I looked across the street and saw reporters bunched up like runners at the start of the Boston Marathon, held back by uniformed cops. When the scene was released they’d run rampant.
“Carson?” Clair called to my retreating back.
I looked over my shoulder. “You’re looking better,” she said quietly, and hustled off to consult with her crew. I turned back to Harry. “If it’s all accidental OD’s, we’re off the hook. Clair seems to think that’s the way it’ll fry up. What next?”
“Back to our regular grind,” he said. “And that means Scaler. You were saying Fossie found some kind of number in Scaler’s office?”
“Stuck on the underside of his monitor.”
“Why not give the number a ring; see who answers? Probably best to use the clean phone.”

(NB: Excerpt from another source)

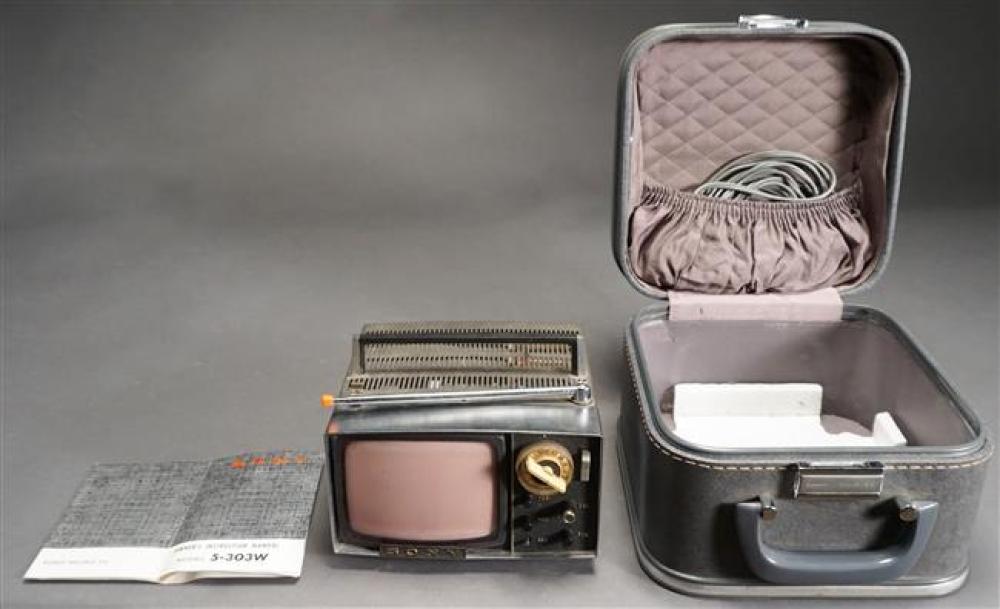 SONY MICRO TELEVISION WITH CARRYING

Our clean phone was a pre-paid cell we used when we wanted a call to be anonymous, not tipping off the recipient who was on our end. We mainly used it with skittish snitches. I pulled the phone from the cruiser, dialed. Four rings and pickup.
“Hello?” said a voice sounding both hesitant and oddly familiar.

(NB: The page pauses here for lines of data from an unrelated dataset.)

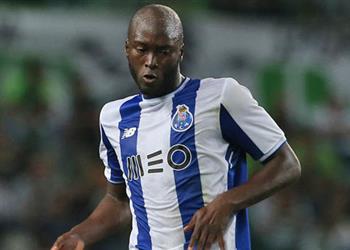 برشلونة يعثر على بديل بوسكيتس في بورتو البرتغالي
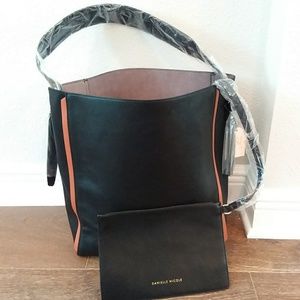 Danielle Nicole Purse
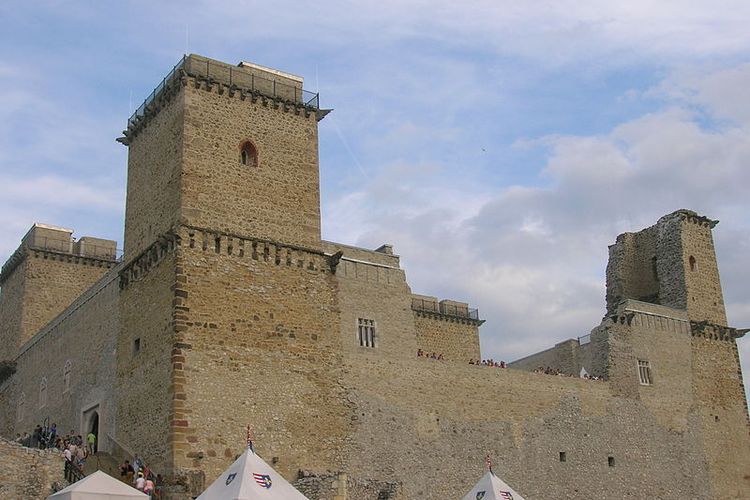 Kastil Diósgyor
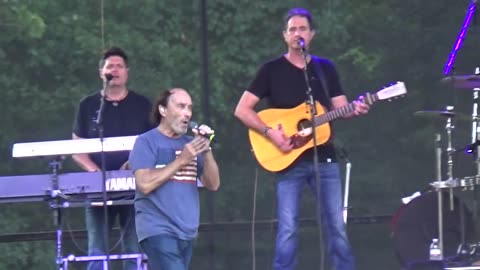 Lee Greenwood performs 2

“Who’s this?” I asked pleasantly.
“Who’s
this
?” the familiar voice on the other line responded.
I said, “I got this number from a friend who said I probably needed to call it.”

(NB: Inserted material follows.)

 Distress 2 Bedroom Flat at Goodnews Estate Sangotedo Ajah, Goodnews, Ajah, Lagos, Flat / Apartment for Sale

A beat. “What was the friend’s name?”
“He’s well known and doesn’t like his name used,” I said.
“Hmmmm,” the voice said. “Who were you wanting to speak to?”
We were both being cagey. I looked around while my mind raced for the next line. Across the street I saw Orville Ryan standing beside Chinese Red’s body with a cellphone at his ear. Ryan was frowning, like he was stymied.
“Ryan?” I ventured. “Is that you?”
I watched his mouth drop open. His eyes
scanned the street until finding me. We stared at one another over sixty feet of concrete. I watched Ryan’s lips move as the phone spoke.
“Hi, Carson. Fancy talking to you.”
“Did I just call your number, Orv?”
“You called Chinese Red’s cell, Carson. It started ringing in his pocket.”
I was putting in my fourteenth nervous pace lap around the forensics lab when Glenn Watkins rushed in with the test results. The implications made the test supersede all others that would occur today.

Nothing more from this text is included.